(Listed records):
----
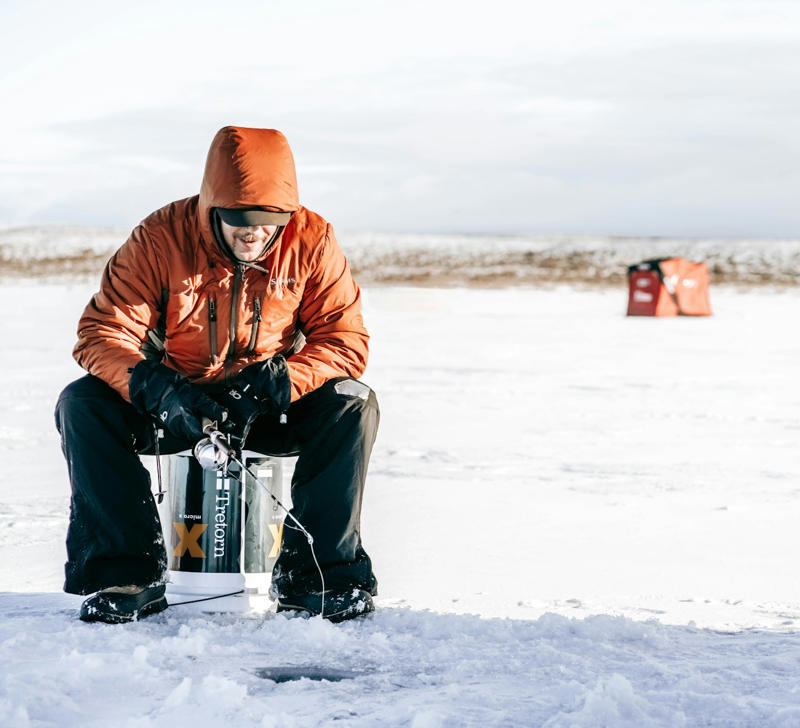 Ice Fishing Hiking Boots, Backpacks, Flashlights, Power Banks, Sleeping Bags, Headlamps, First Aid Kits, Water Filters, Fire Starters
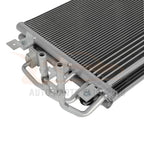 AC Aluminum Condenser for Ford Explorer (2012-2019)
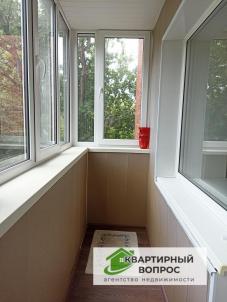 Продажа квартиры Омск. проспект Мира 88А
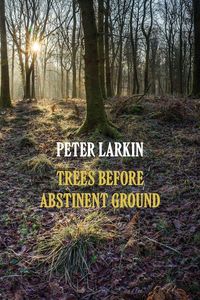 Produktbild: Trees Before Abstinent Ground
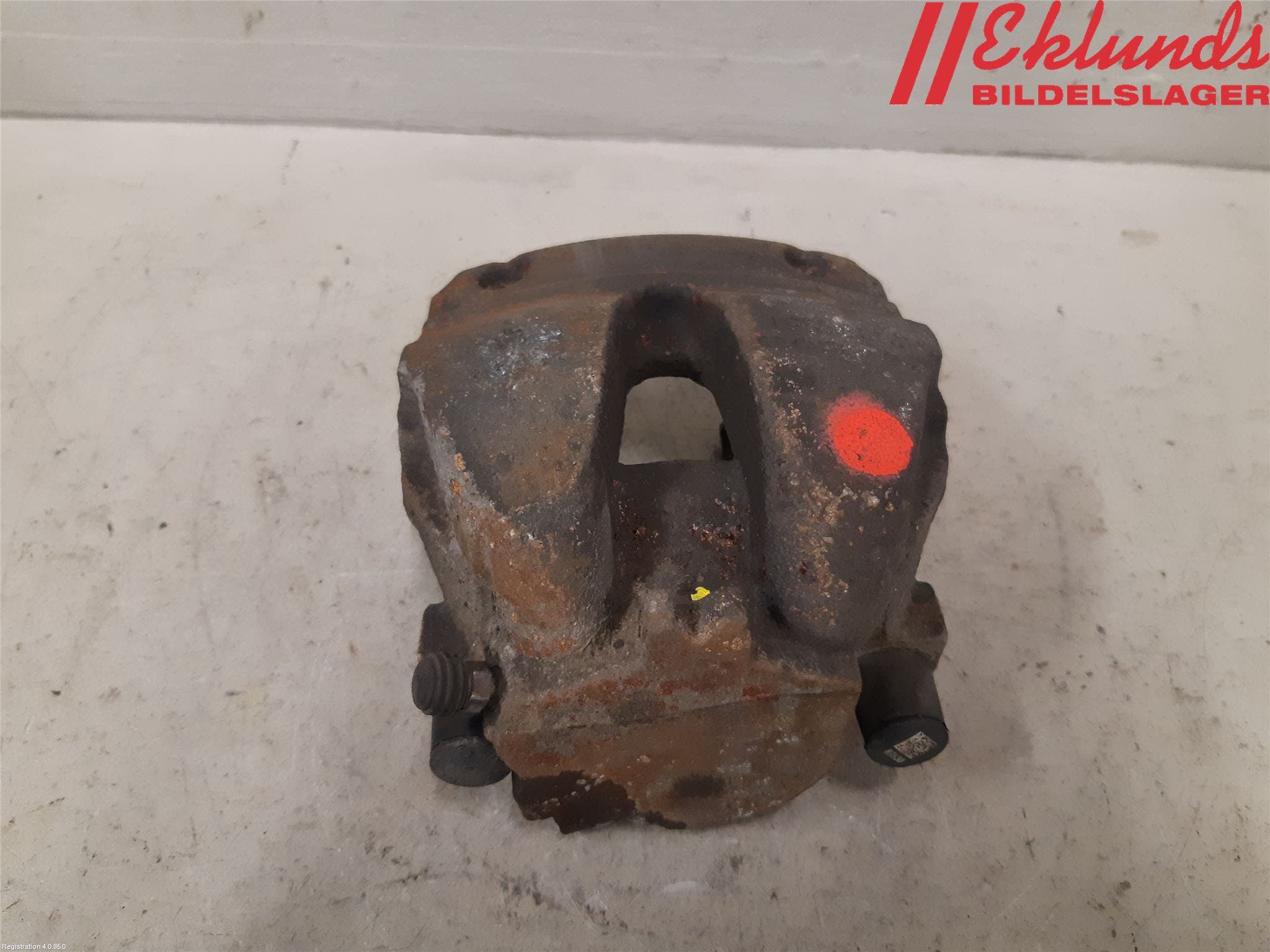 Volvo V60 19- Bromsok Fram Vänster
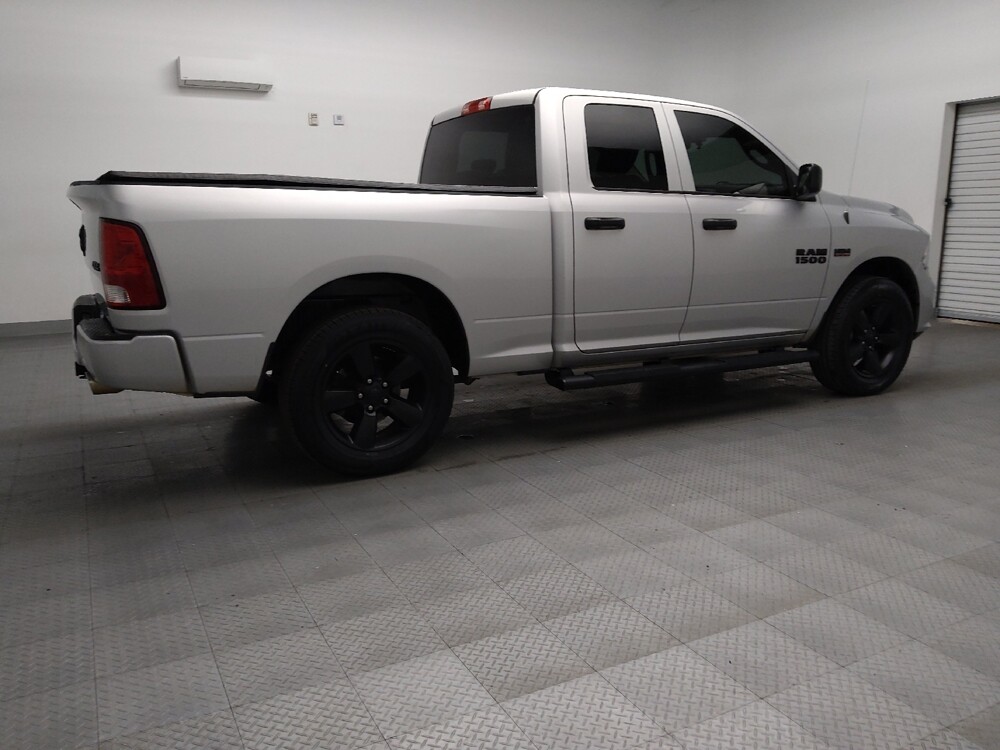 2017 RAM 1500 in El Paso, TX 79907 - 18089971 10
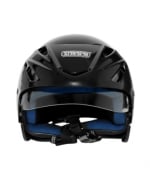 Buy Dass Black Open Face Helmet on 0 % discount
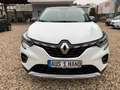 Renault Captur II Intens*Plug Hybrid*1.HAND*Scheckheft Weiß - thumbnail 2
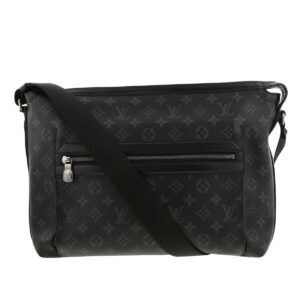 1240004023424 1 LOUIS VUITTON Petit Noe Drawstring Bag Epi Black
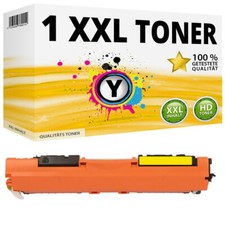 XXL cartouche toner pour HP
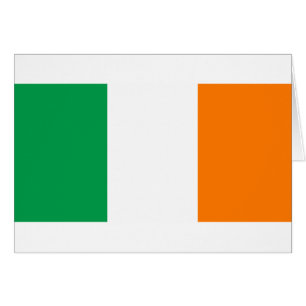 Vlag van Ierland
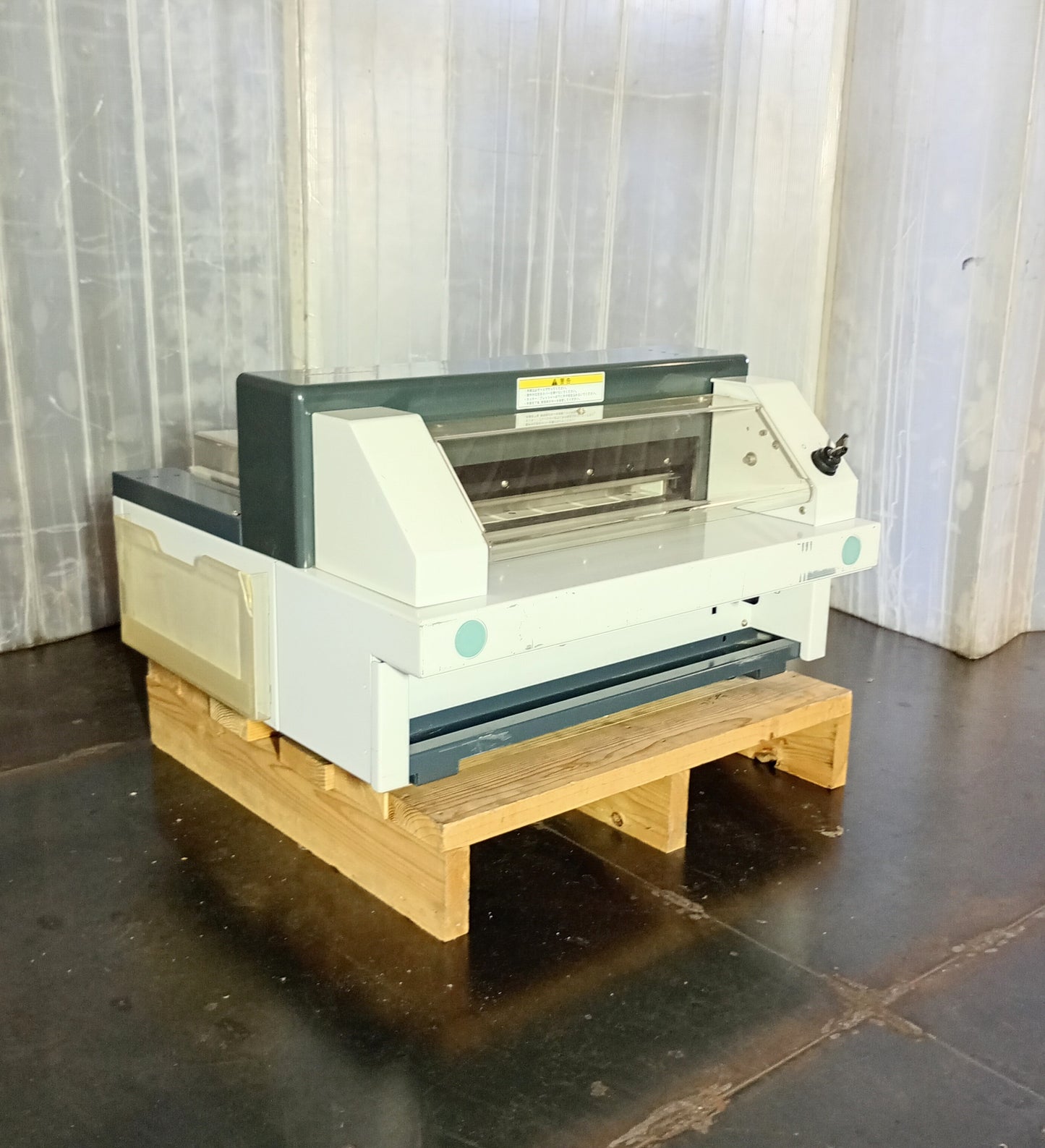 ホリゾン PC-P430 卓上断裁機 horizon1-pcp430-0001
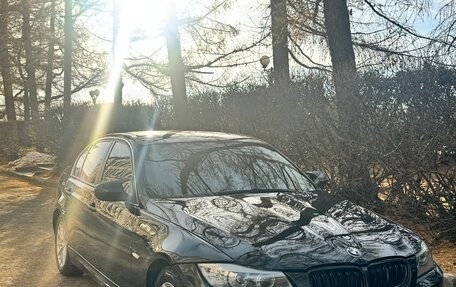 BMW 3 серия, 2009 год, 1 200 000 рублей, 15 фотография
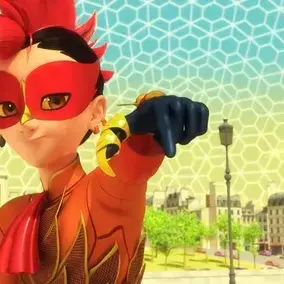 Profile image of 루스터볼드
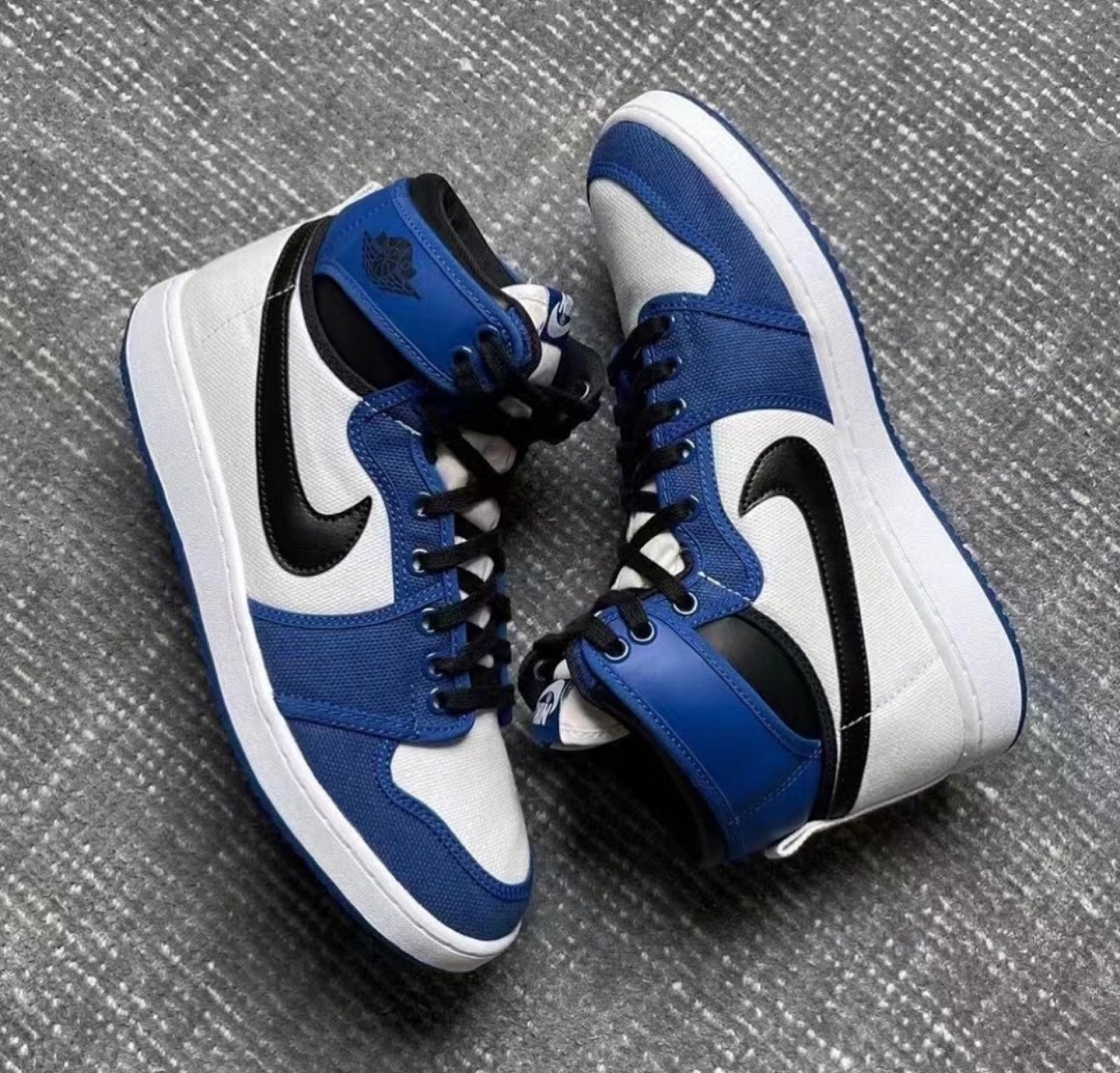 Nike】Air Jordan 1 KO “Storm Blue”が国内9月8日に発売予定 | UP TO DATE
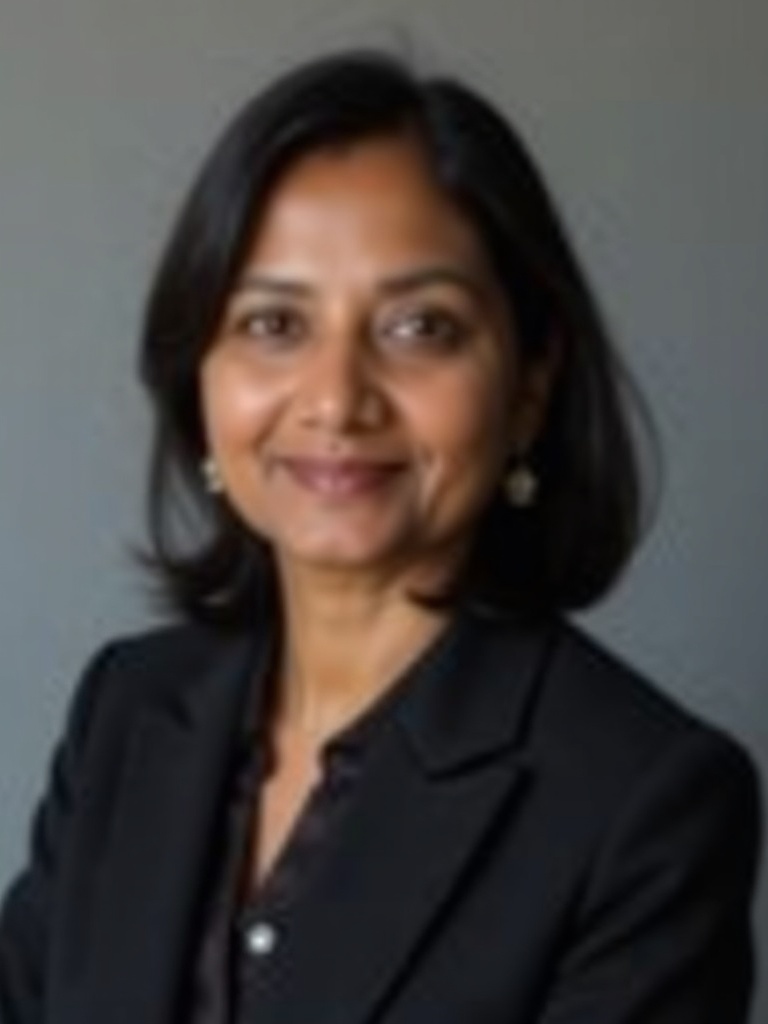 Diya Raman — headshot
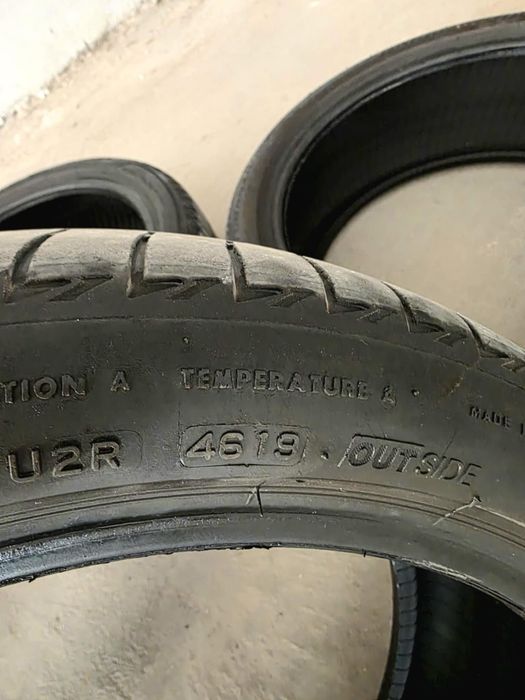 BRIDGESTONE Turanza 225/40/18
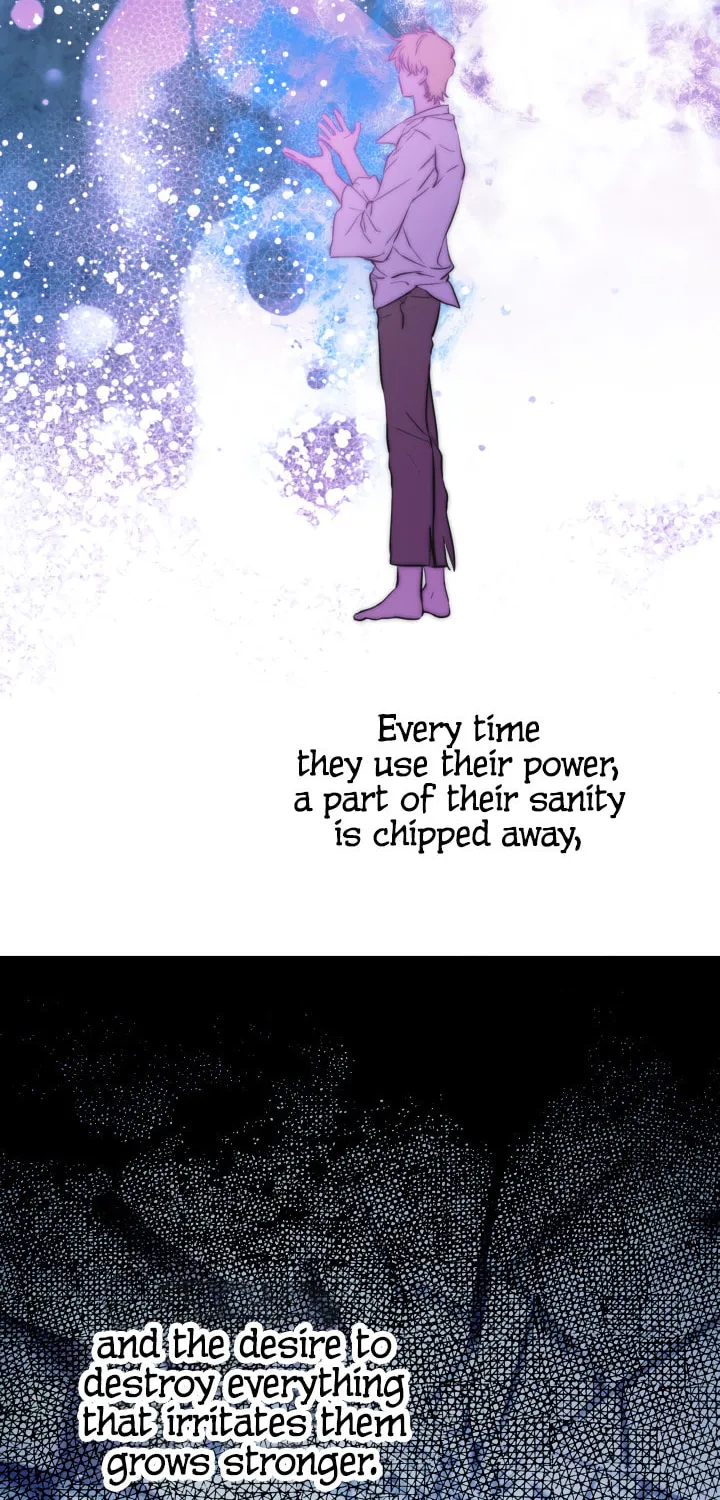 The Most Powerful Characters in the World Are Obsessed with Me Chapter 13 page 35 - 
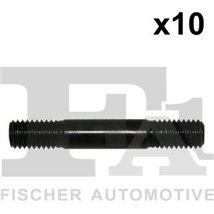 Surub. galerie evacuare - FA1-985-08-035.10 - FA1-985-08-035.10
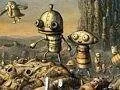 Amanita Design nebude vytvářet hry pro XBLA
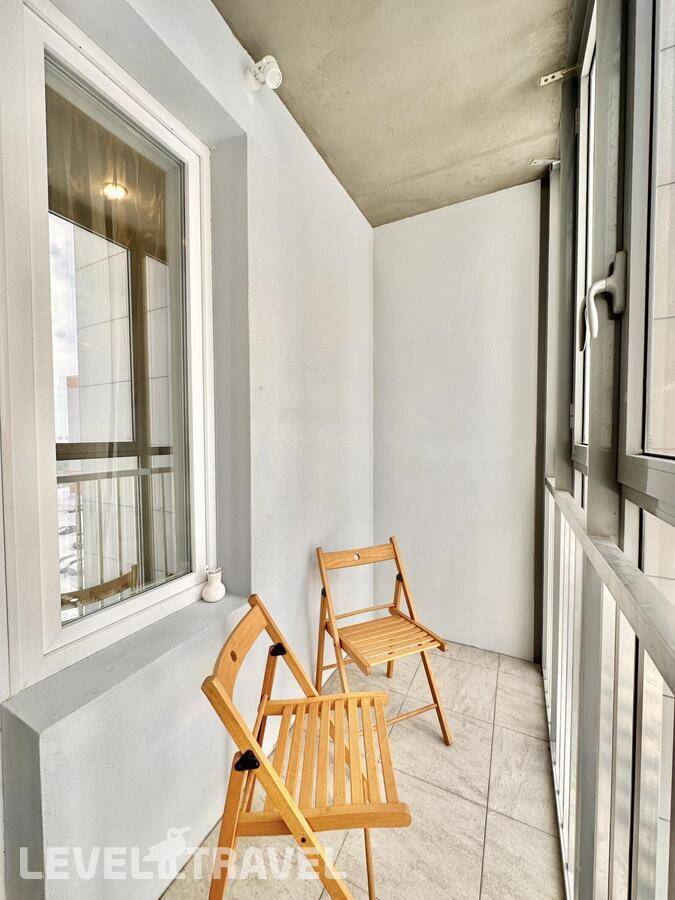 фотографии отеля Artinvest (Артинвест) На Улице Аметьевская Магистраль в Россия(Советский район) - фото №6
----
(Exercise): Word for word, output the whole listing, but not its pictures.

(Exercise response):
 Ice Fishing Hiking Boots, Backpacks, Flashlights, Power Banks, Sleeping Bags, Headlamps, First Aid Kits, Water Filters, Fire Starters
 AC Aluminum Condenser for Ford Explorer (2012-2019)
 Продажа квартиры Омск. проспект Мира 88А
 Produktbild: Trees Before Abstinent Ground
 Volvo V60 19- Bromsok Fram Vänster
 2017 RAM 1500 in El Paso, TX 79907 - 18089971 10
 Buy Dass Black Open Face Helmet on 0 % discount
 Renault Captur II Intens*Plug Hybrid*1.HAND*Scheckheft Weiß - thumbnail 2
 1240004023424 1 LOUIS VUITTON Petit Noe Drawstring Bag Epi Black
 XXL cartouche toner pour HP
 Vlag van Ierland
 ホリゾン PC-P430 卓上断裁機 horizon1-pcp430-0001
 BMW 3 серия, 2009 год, 1 200 000 рублей, 15 фотография
 Profile image of 루스터볼드
 Nike】Air Jordan 1 KO “Storm Blue”が国内9月8日に発売予定 | UP TO DATE
 Diya Raman — headshot
 BRIDGESTONE Turanza 225/40/18
 The Most Powerful Characters in the World Are Obsessed with Me Chapter 13 page 35 - 
 Surub. galerie evacuare - FA1-985-08-035.10 - FA1-985-08-035.10
 Amanita Design nebude vytvářet hry pro XBLA
 фотографии отеля Artinvest (Артинвест) На Улице Аметьевская Магистраль в Россия(Советский район) - фото №6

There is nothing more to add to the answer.